Among the most eye-catching decisions was that the ECB would grant a waiver to accept Greek bonds as collateral, for the first time in almost two years.
Greek banks usually have a hard time raising funds on financial markets because the debt-laden government's bonds have the lowest, junk rating meaning investors may not be repaid.
Tuesday's announcement comes after the ECB last month said that Greek bonds would for the first time be included in a new wave of asset purchases designed to keep credit flowing in the 19-nation euro area.
The easing of the rules will also see the ECB accept loans from even small entities as collateral.
The ECB said it would accept "loans with lower credit quality" and foreign-currency loans.
The bank specifically said it would accept collateral in the shape of government-backed guaranteed loans to small- and medium-sized companies, self-employed people and households, after countries such as Germany offered to fully underwrite such loans to keep companies afloat in the crisis.
The governing council also agreed to "increase its risk tolerance level" by accepting a cut on the amount of collateral needed for refinancing, making it easier for banks to borrow at the ECB's ultra-low rates.
The ECB has in recent weeks joined other central banks in opening the financial floodgates as the world braces for the biggest economic crisis since the financial crash of 2008-2009.
Efforts to halt the pandemic have confined millions of people to their homes, closed businesses and brought economies to a grinding halt.
The ECB last month unveiled a "big bazooka" 750 billion euro bond-buying scheme to encourage spending and investment in the region.

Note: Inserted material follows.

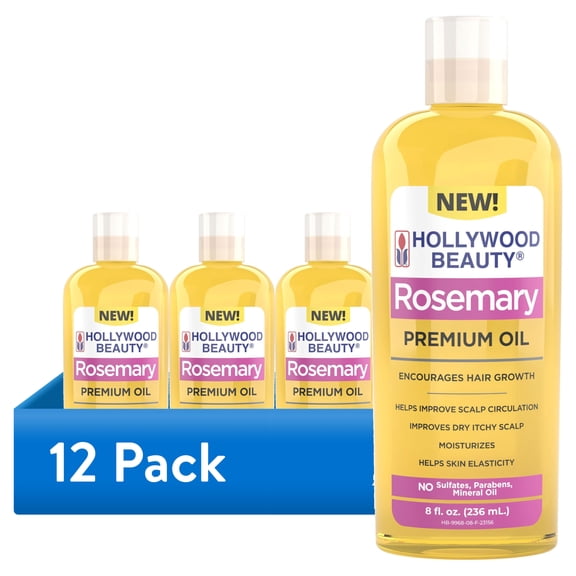 (12 pack) Hollywood Beauty Rosemary Oil Hair, Scalp, and Skin, 8 fl oz, All Hair Types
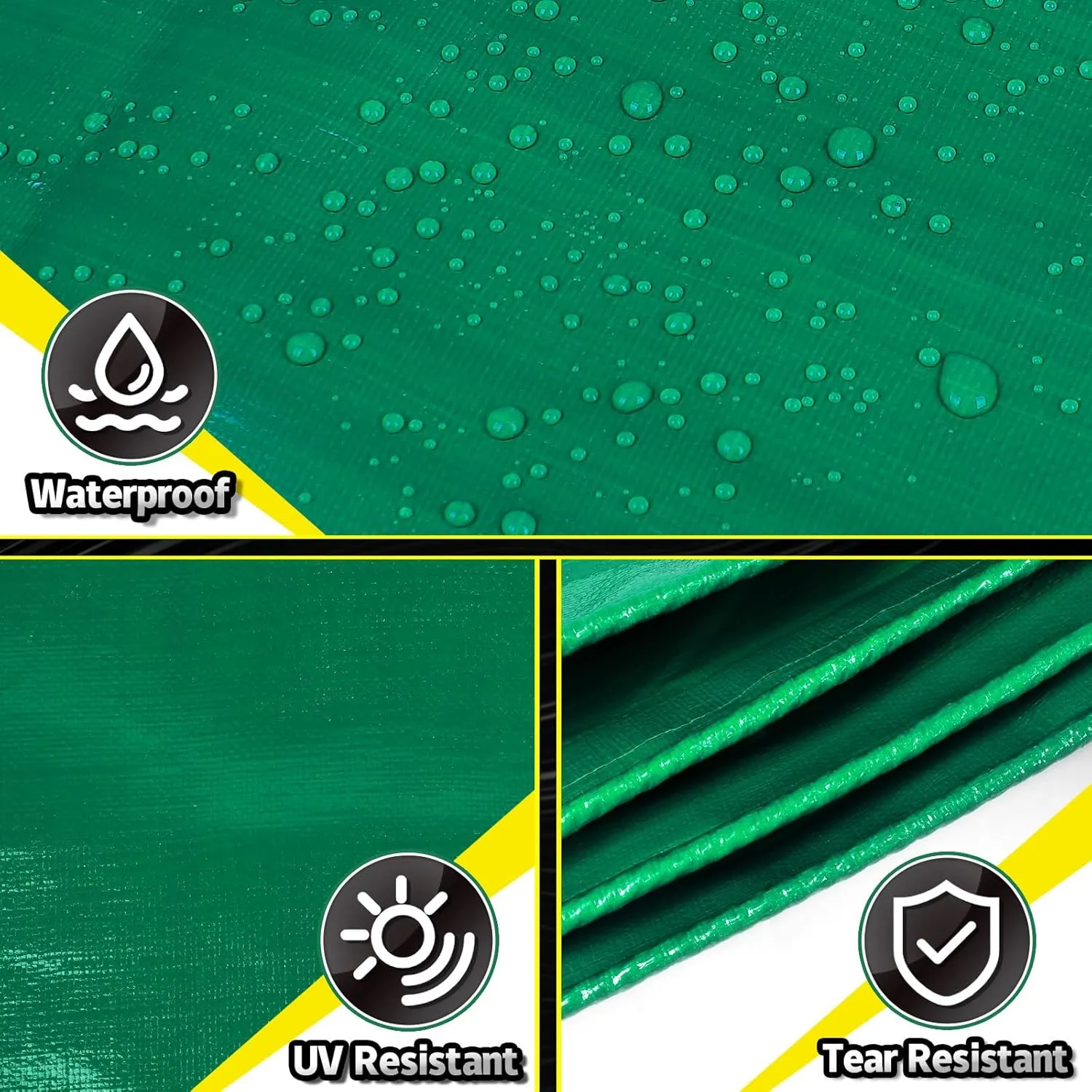 Super Heavy Duty Tarp 12 X 16 Ft, 16 Mil Large Waterproof Tarps, High Durability, UV Resistant, Tear Resistant with Grommets Every 20 Inches for Outdoor (Green)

It came on top of an earlier pledge to spend an extra 120 billion euros on asset purchases this year, as well as keeping up the current pace of hoovering up 20 billion euros a month in government and corporate bonds.
As part of the coronavirus fightback, the ECB has also announced a fresh round of ultra-cheap loans to banks and more generous terms to entice lenders to grant loans to small businesses, seen as particularly vulnerable in the current upheaval.